Below are records to transcribe in full and unchanged; omit every picture.

PROVIDED ENTRIES START

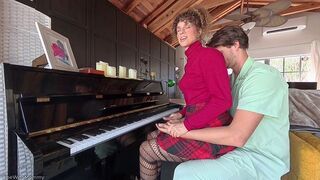 A girl feels the piano playing in every respect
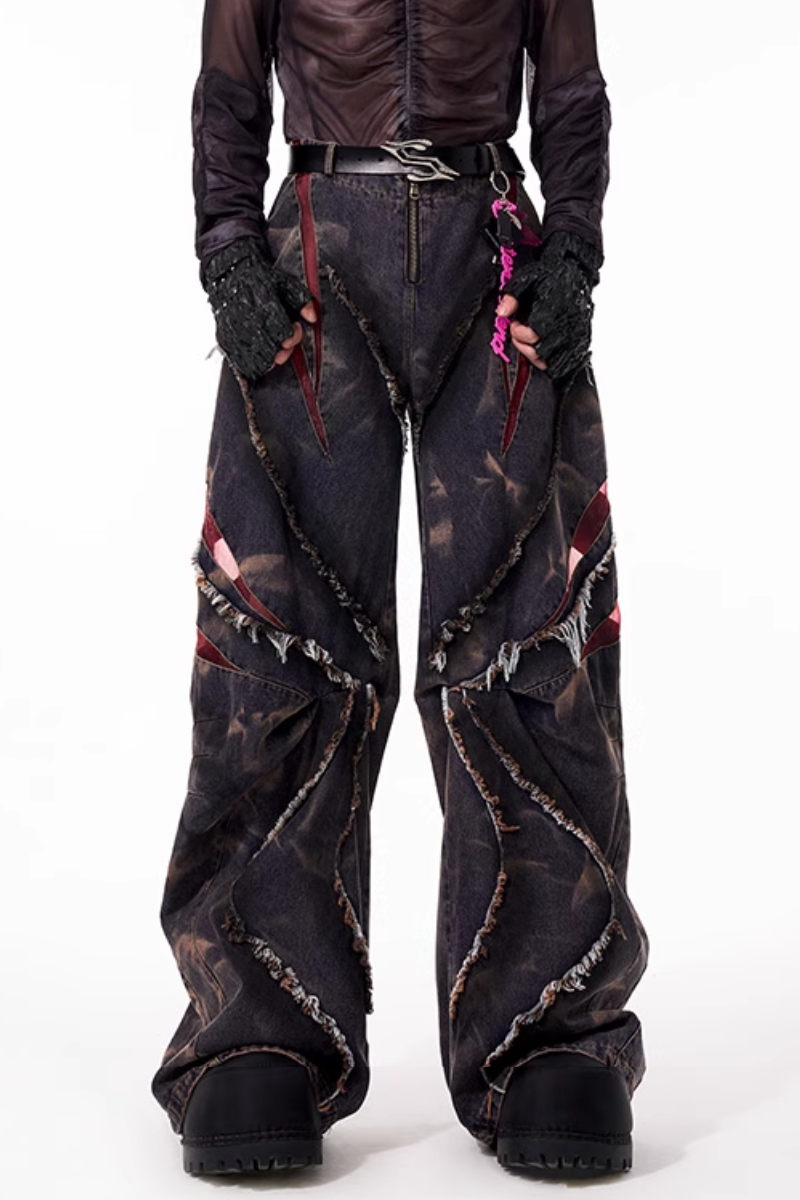 Heavy Washed Patchwork Mesh Wide Jeans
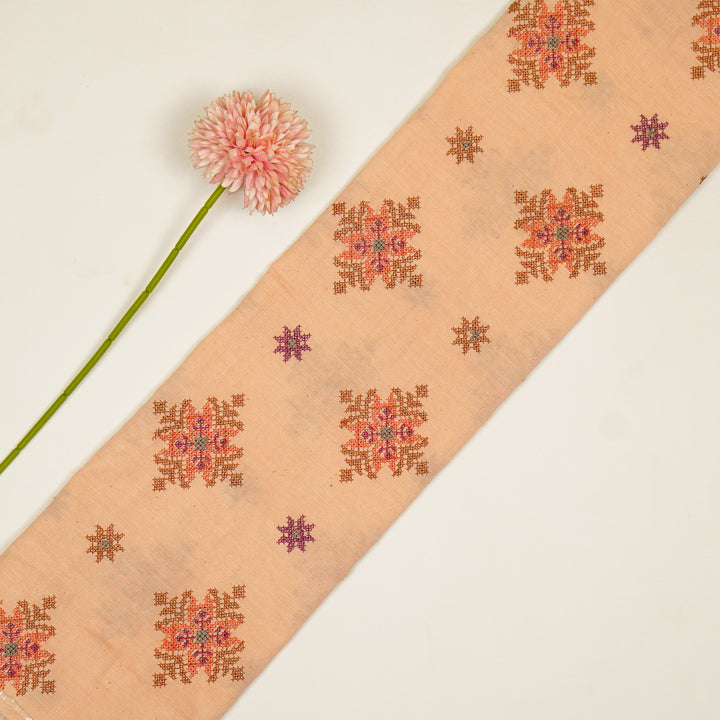 Nilaya Buta Buti Mixture on Peach Cotton Linen Embroidered Fabric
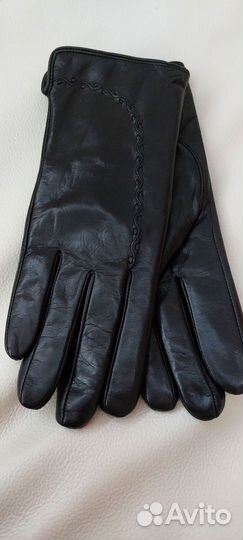 Зимние перчатки кожа козлика набивная шерсть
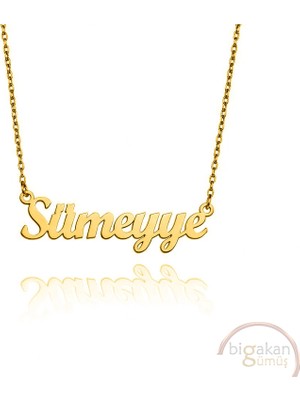 Bigakan 925 Ayar Gümüş Altın Kaplama Sümeyye Isimli Kolye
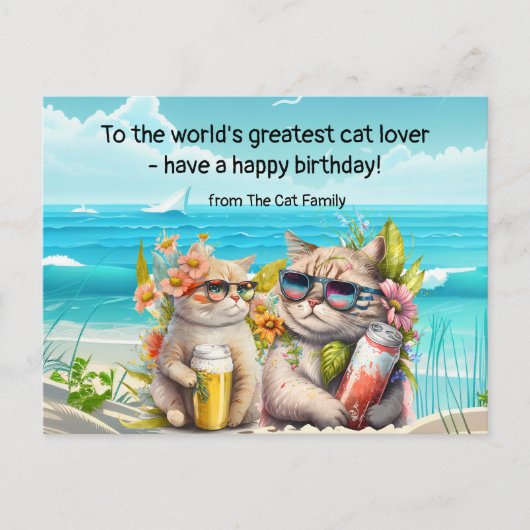 Carte Postale Chat boit sur la plage d'anniversaire (Devant)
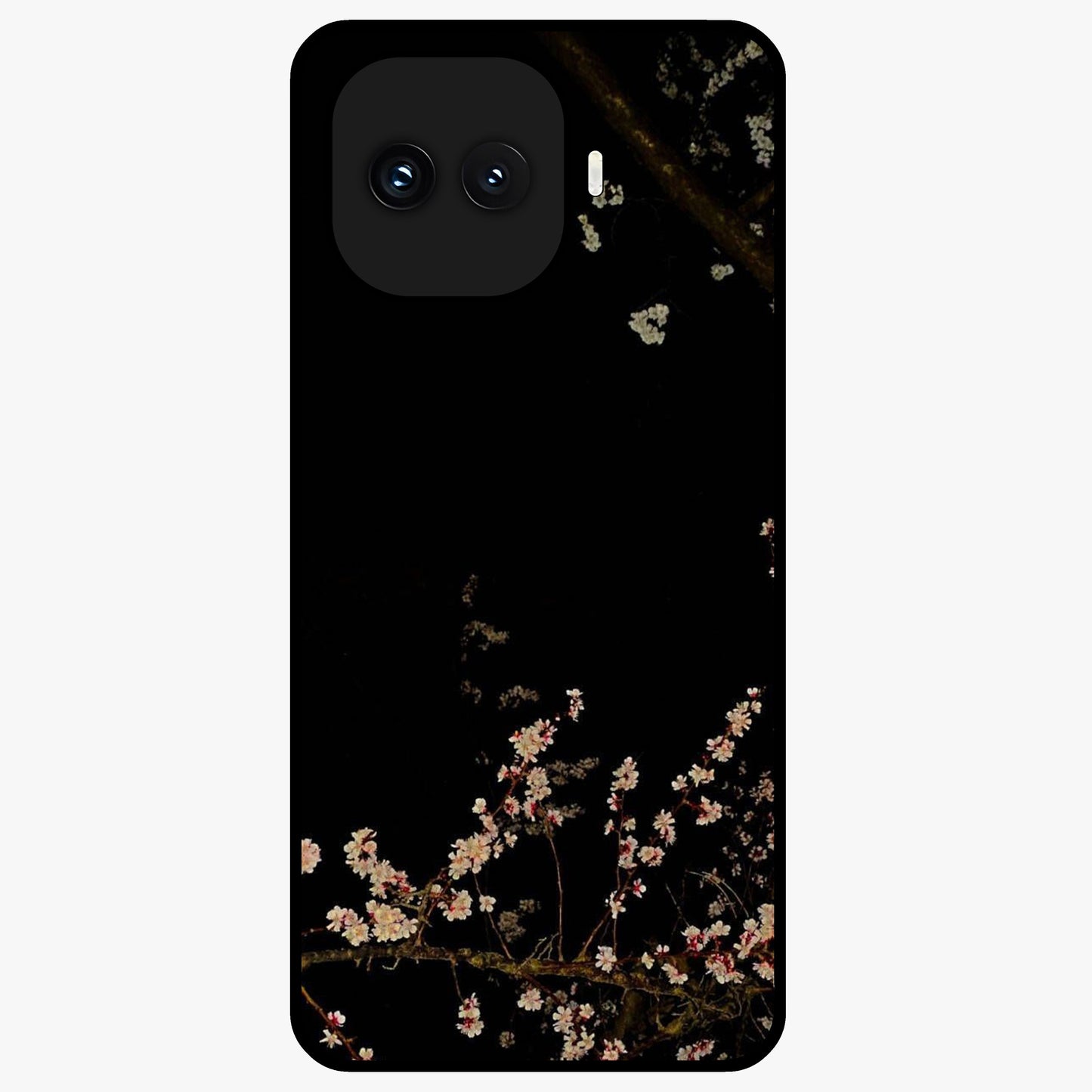Petal Moon Light With Custom Name Glass Case showing flat back view with floral moonlight artwork and personalized name design.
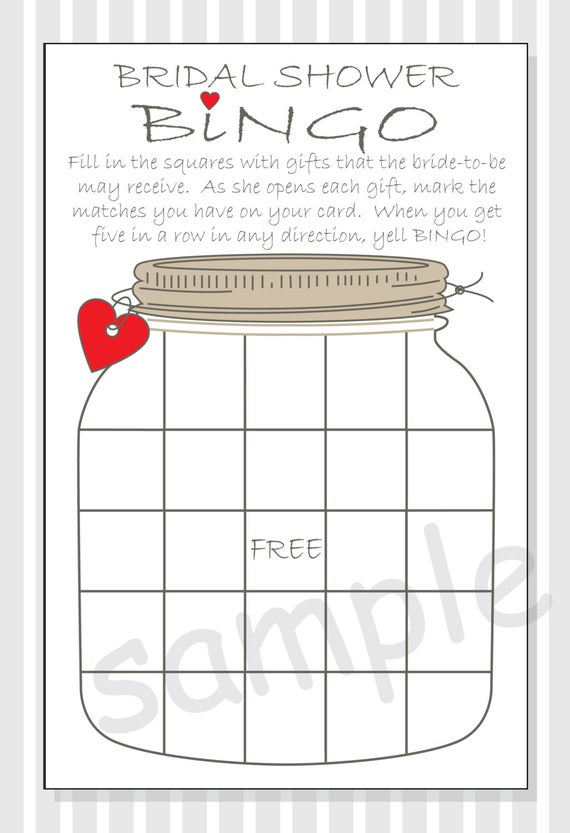Bridal Shower Bingo Printable Cards Rustic Mason Jar Design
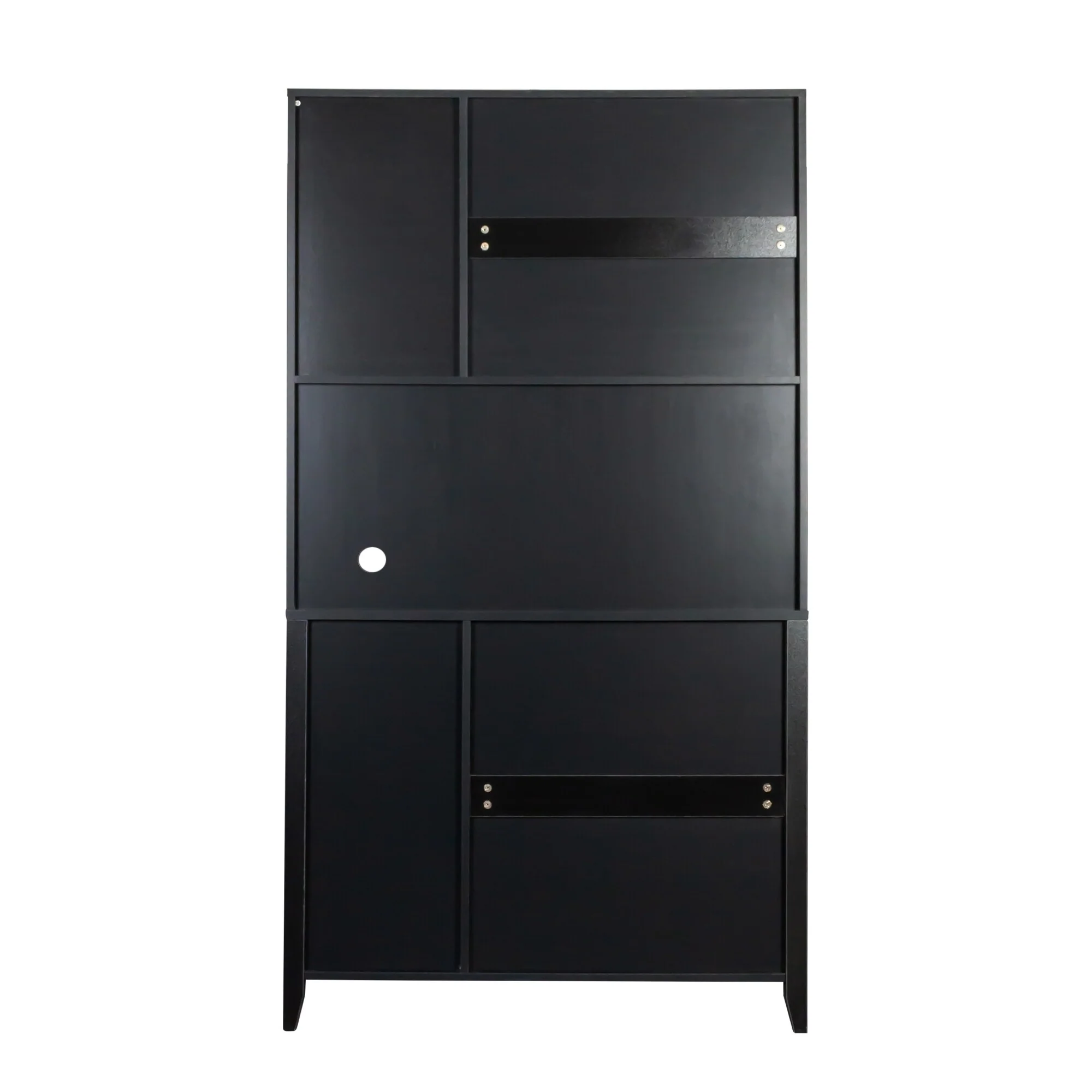 Pantry Storage Cabinet with Glass Doors - N/A
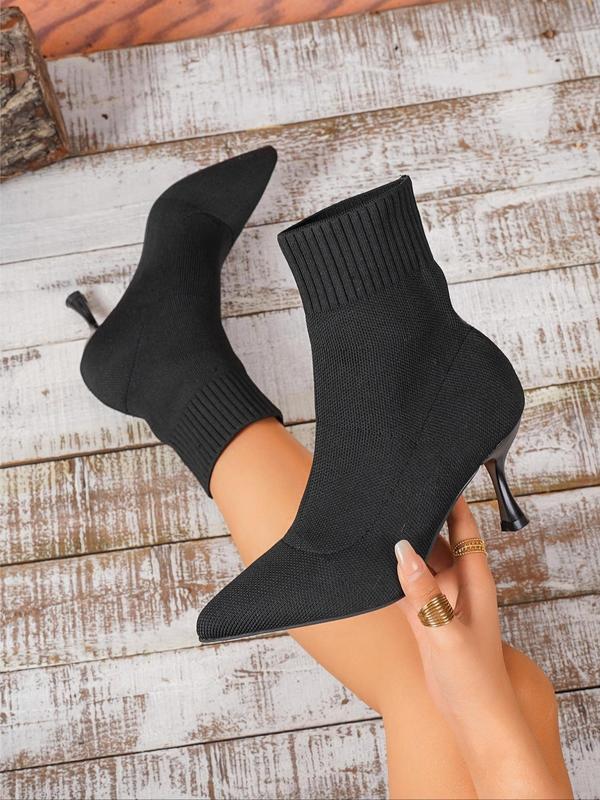 Women's Solid Color Stiletto Heeled Sock Boots, Elegant Fashionable Pointed Toe Ankle Boots for Party, Daily Clothing Decor for Women & Girls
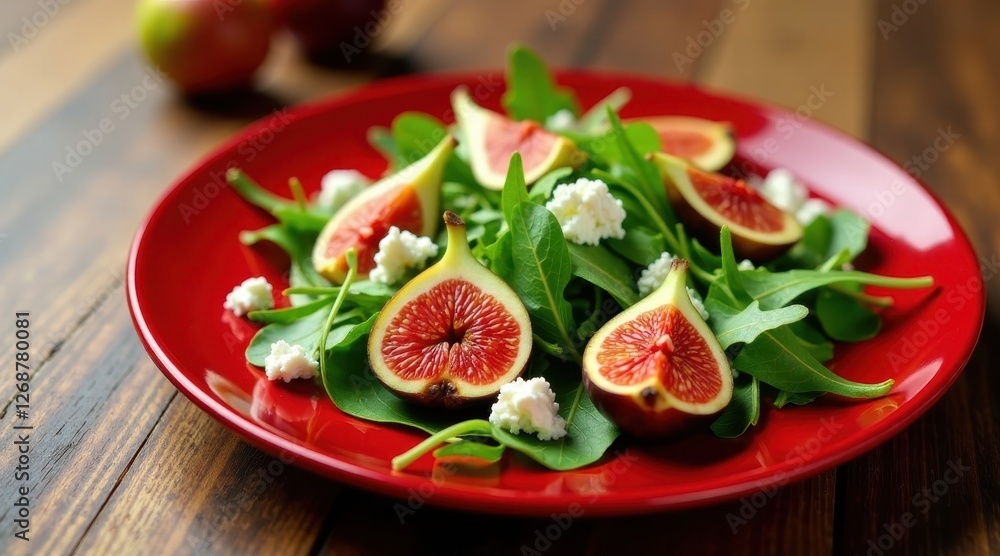 Aromatic Fig and Arugula Salad with Creamy Cheese on a Red Plate Aromatic Fig and Arugula Salad with Creamy Cheese on a Red Plate
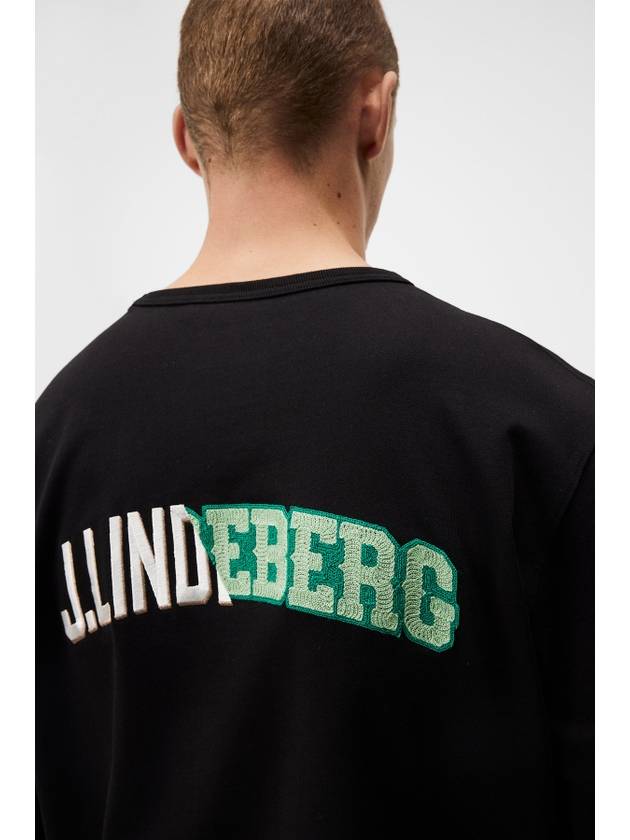 Camilo Graphic Crew Neck Long Sleeve T-Shirt Black - J.LINDEBERG - BALAAN 4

PROVIDED ENTRIES END

* _YOUR RESPONSE_:
 A girl feels the piano playing in every respect
 Heavy Washed Patchwork Mesh Wide Jeans
 Nilaya Buta Buti Mixture on Peach Cotton Linen Embroidered Fabric
 Зимние перчатки кожа козлика набивная шерсть
 Bigakan 925 Ayar Gümüş Altın Kaplama Sümeyye Isimli Kolye
 Carte Postale Chat boit sur la plage d'anniversaire (Devant)
Petal Moon Light With Custom Name Glass Case showing flat back view with floral moonlight artwork and personalized name design.
Bridal Shower Bingo Printable Cards Rustic Mason Jar Design
 Pantry Storage Cabinet with Glass Doors - N/A
 Women's Solid Color Stiletto Heeled Sock Boots, Elegant Fashionable Pointed Toe Ankle Boots for Party, Daily Clothing Decor for Women & Girls
 Aromatic Fig and Arugula Salad with Creamy Cheese on a Red Plate Aromatic Fig and Arugula Salad with Creamy Cheese on a Red Plate
 Camilo Graphic Crew Neck Long Sleeve T-Shirt Black - J.LINDEBERG - BALAAN 4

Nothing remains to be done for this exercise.